• _Problem_:
Could the lines from the line bearing "Jenon Leather GLADIATOR" to the end of the records below be copied exactly, with the pictures left out and no other lines added?

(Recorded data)
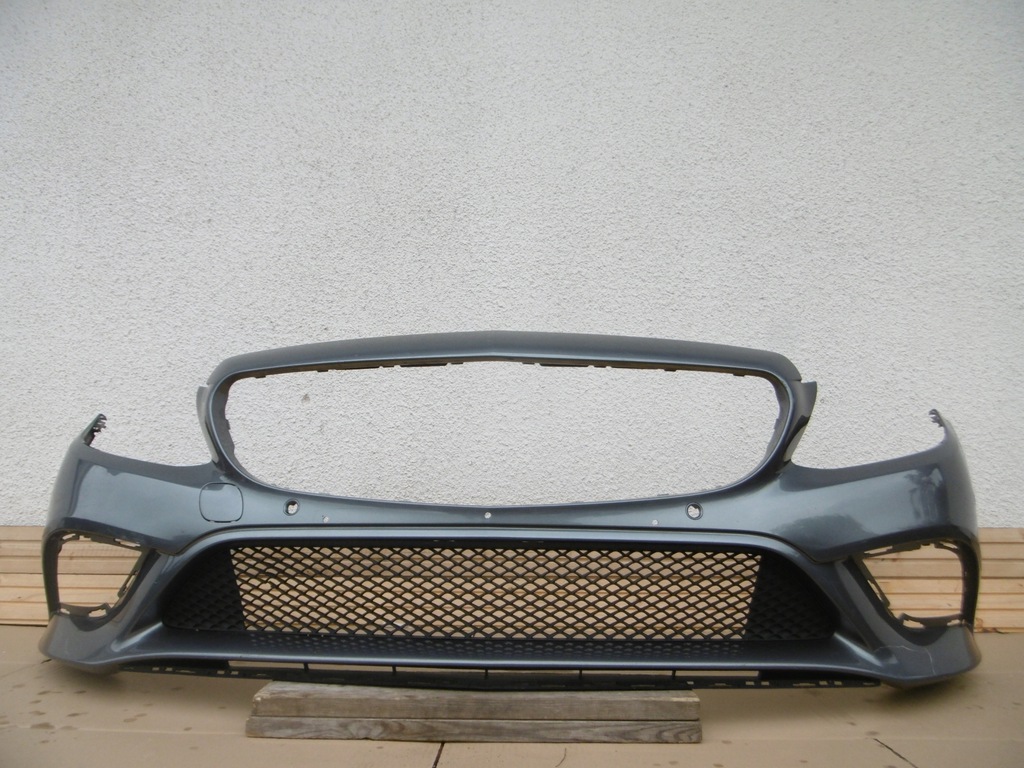 parachoque paragolpes delantero mercedes c clase w205 fl lift 18 20 ($)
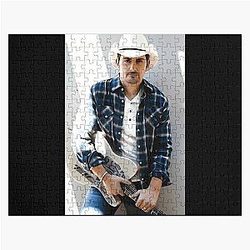 Brad Paisley Album Jigsaw Puzzle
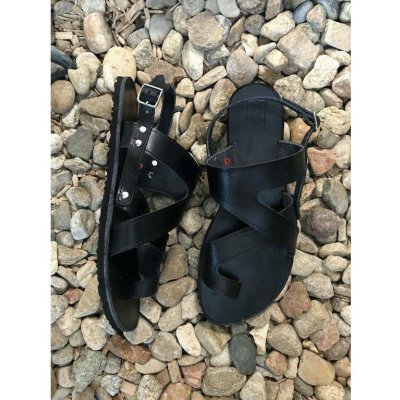 Jenon Leather GLADIATOR černé – Zboží Mobilmania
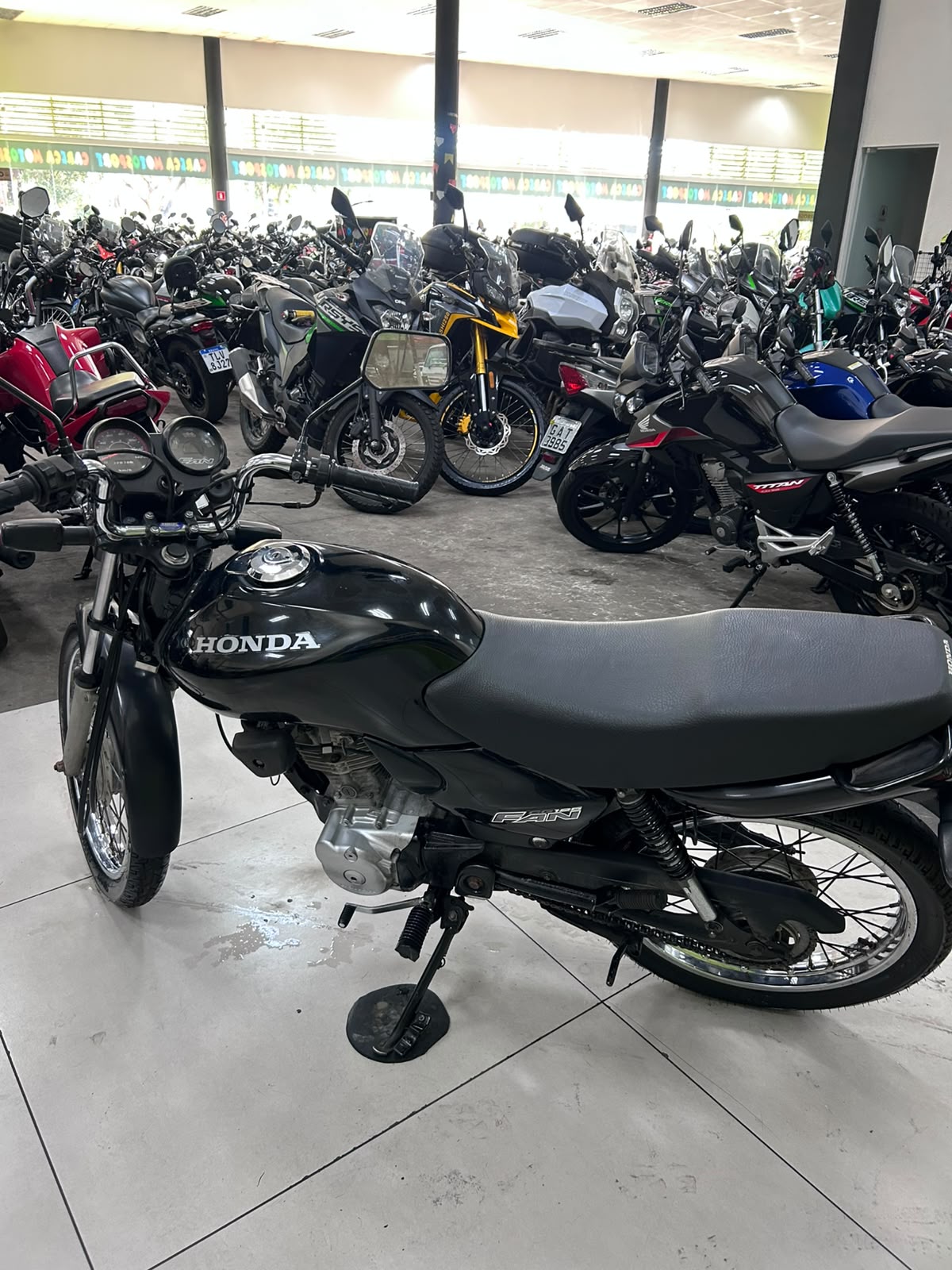 HONDA CG 125 FAN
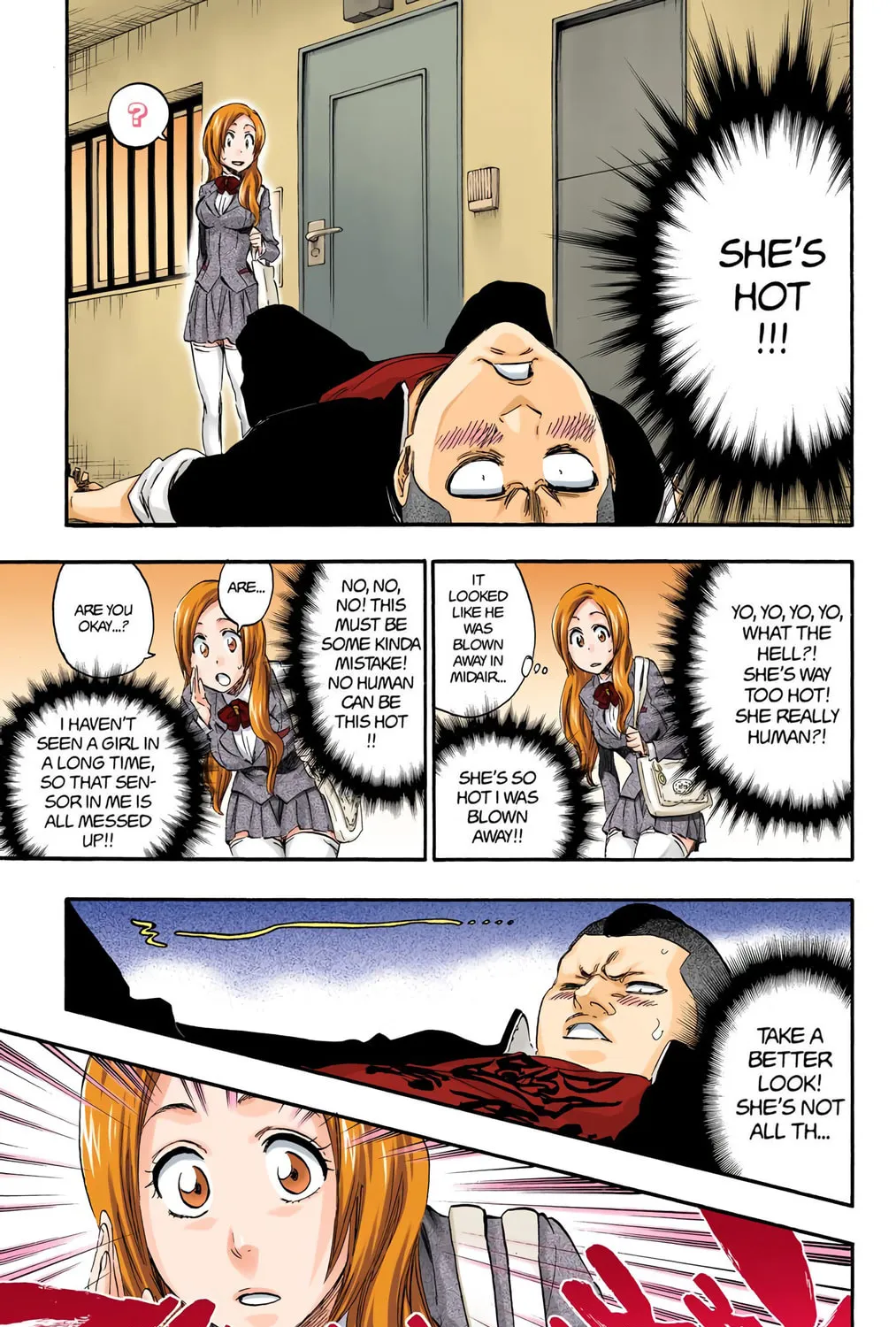 Bleach Colored Manga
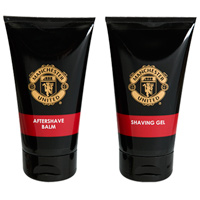 United Shaving Gel and Aftershave Balm.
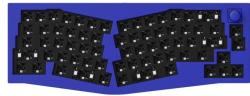 Keychron Q8 Swappable RGB Backlight Knob ISO USB (Q8-F3)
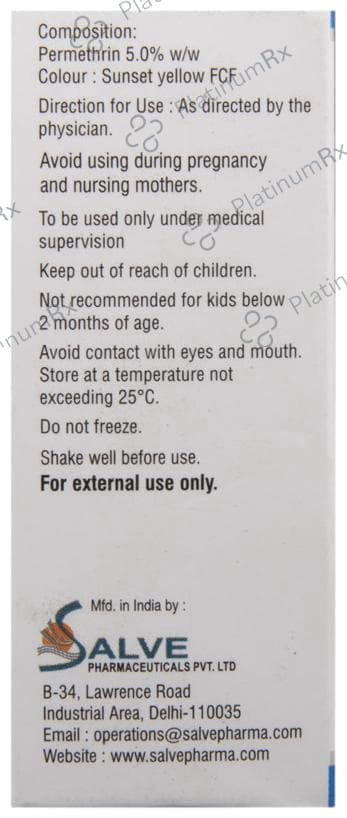 PMT Anti scabies Lotion 30ml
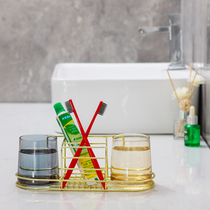 Brief Joins Wind Lovers Toothbrushing Cups A Pair Of Fashion Home Glass Toothbrush Cups Delicately Wash Mouthwatering Cup Suits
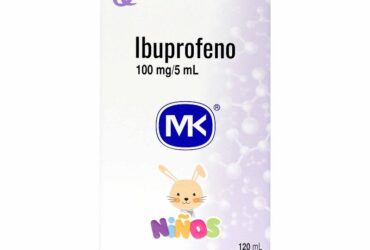 IBUPROFENO 100MG/5ML SUSP 120 ML MK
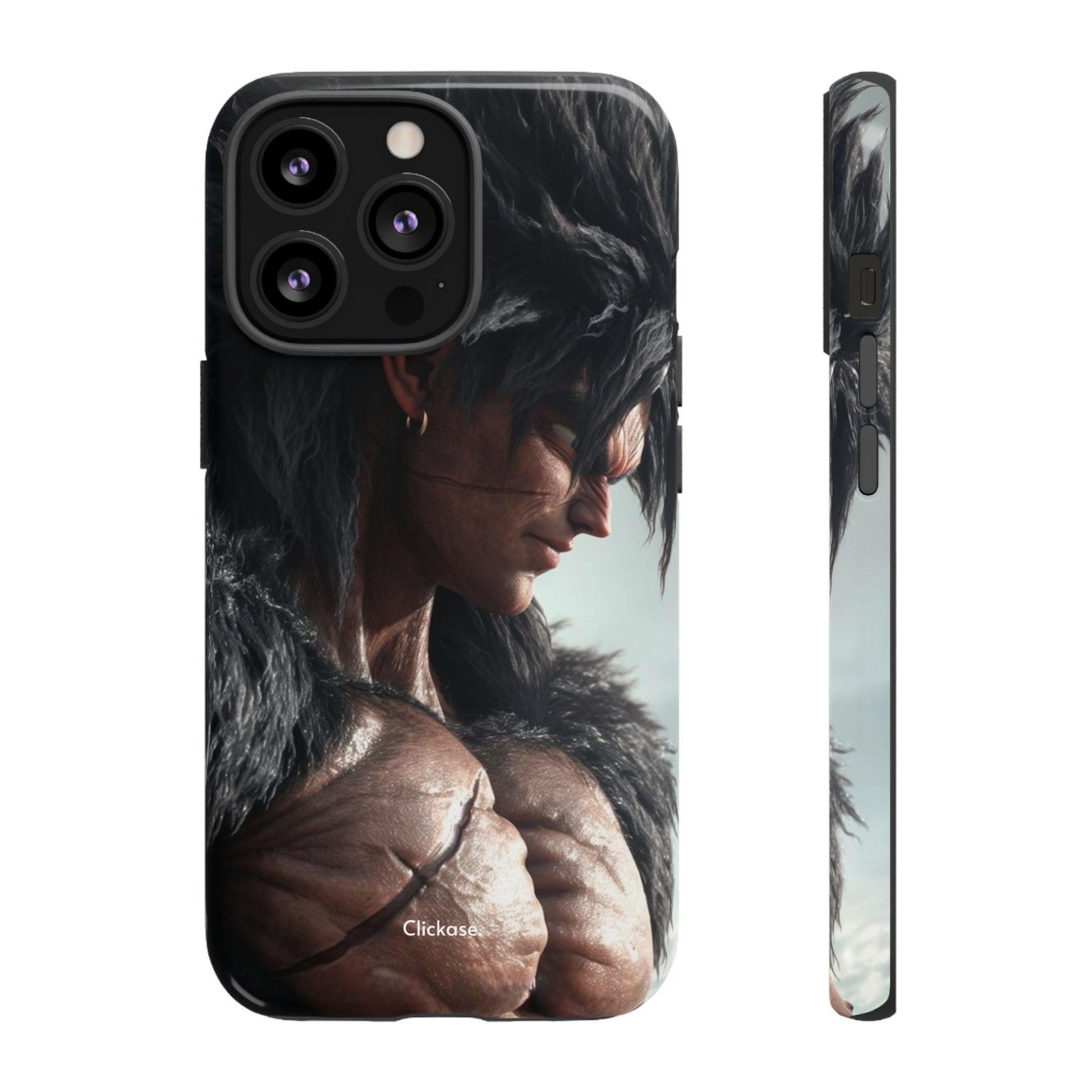 Broly Super Saiyan 4 Black – Berserker Edition Tough Phone Case by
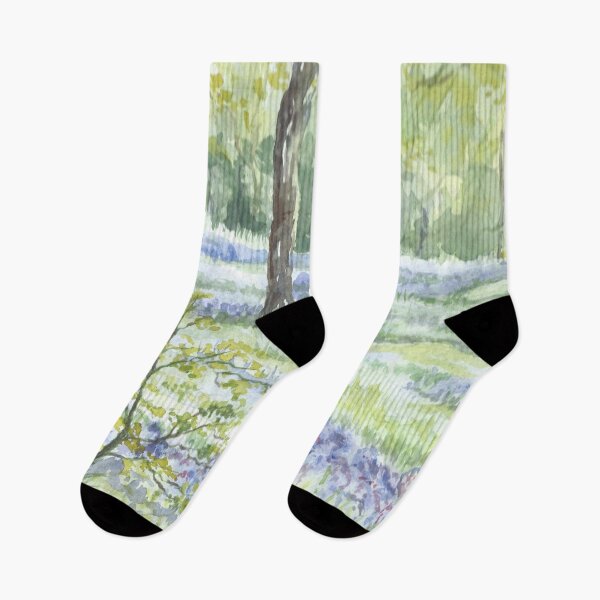 Item preview, Bluebells at Prior's Wood 2 designed and sold by ingridslatter.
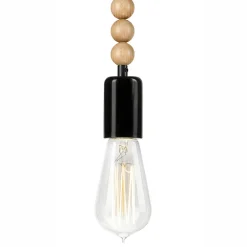 inny Lampy Wiszące^Lampa wisząca modern czarna SIMON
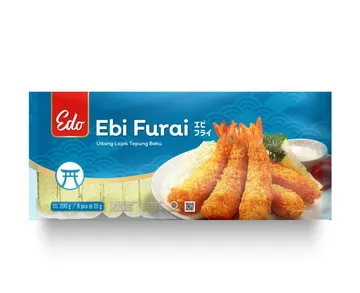 Edo ebi furai 200g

• _Response to the exercise_:
 Jenon Leather GLADIATOR černé – Zboží Mobilmania
 HONDA CG 125 FAN
 Bleach Colored Manga
 United Shaving Gel and Aftershave Balm.
 Keychron Q8 Swappable RGB Backlight Knob ISO USB (Q8-F3)
 PMT Anti scabies Lotion 30ml
 Brief Joins Wind Lovers Toothbrushing Cups A Pair Of Fashion Home Glass Toothbrush Cups Delicately Wash Mouthwatering Cup Suits
 IBUPROFENO 100MG/5ML SUSP 120 ML MK
 Broly Super Saiyan 4 Black – Berserker Edition Tough Phone Case by
 Item preview, Bluebells at Prior's Wood 2 designed and sold by ingridslatter.
 inny Lampy Wiszące^Lampa wisząca modern czarna SIMON
 Edo ebi furai 200g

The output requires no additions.